### Task description
All of the listing below must be repeated word for word. Pictures are the only thing to omit.

### Dataset section

%%

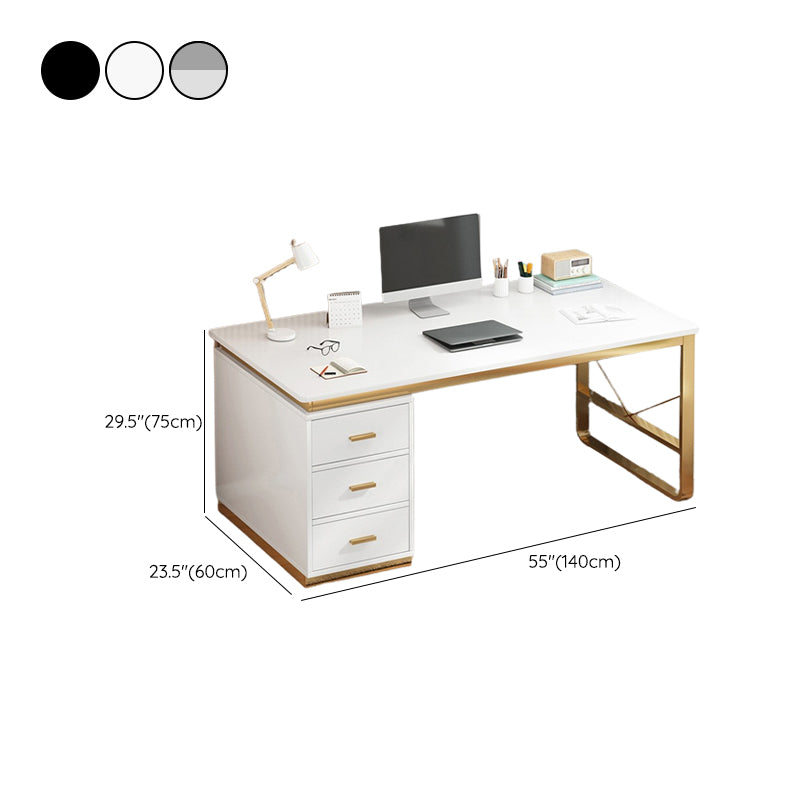 Contemporary White Office Desk Rectangular Writing Desk for Bedroom Clearhalo 'furn' 'furn_office_desk' 'Furniture' 'Office Desks' 'Office Furniture' 'office_desk' 6422865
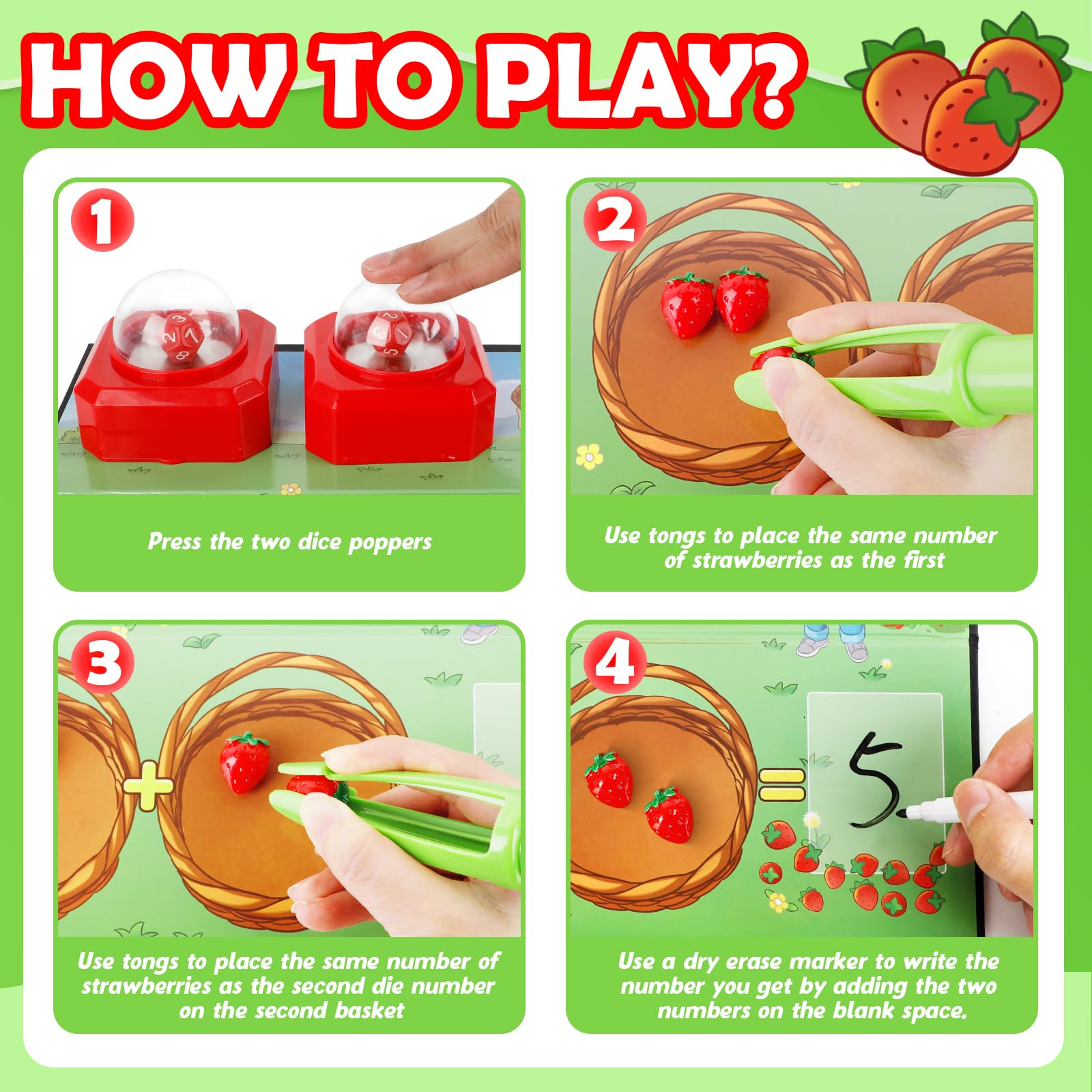 Kasfalci Math Board Games for Kids with Dice Poppers,Math Manipulatives,Dice Games,Addition Subtraction Games,Math Counters,Counting Toys,Fine Motor Toys,Kindergarten Classroom Homeschool Supplies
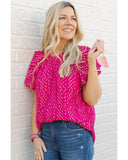 Azura Exchange Dotted Gold Stamp Tiered Ruffled Top - M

%%

### Response box
 Contemporary White Office Desk Rectangular Writing Desk for Bedroom Clearhalo 'furn' 'furn_office_desk' 'Furniture' 'Office Desks' 'Office Furniture' 'office_desk' 6422865
 Kasfalci Math Board Games for Kids with Dice Poppers,Math Manipulatives,Dice Games,Addition Subtraction Games,Math Counters,Counting Toys,Fine Motor Toys,Kindergarten Classroom Homeschool Supplies
 Azura Exchange Dotted Gold Stamp Tiered Ruffled Top - M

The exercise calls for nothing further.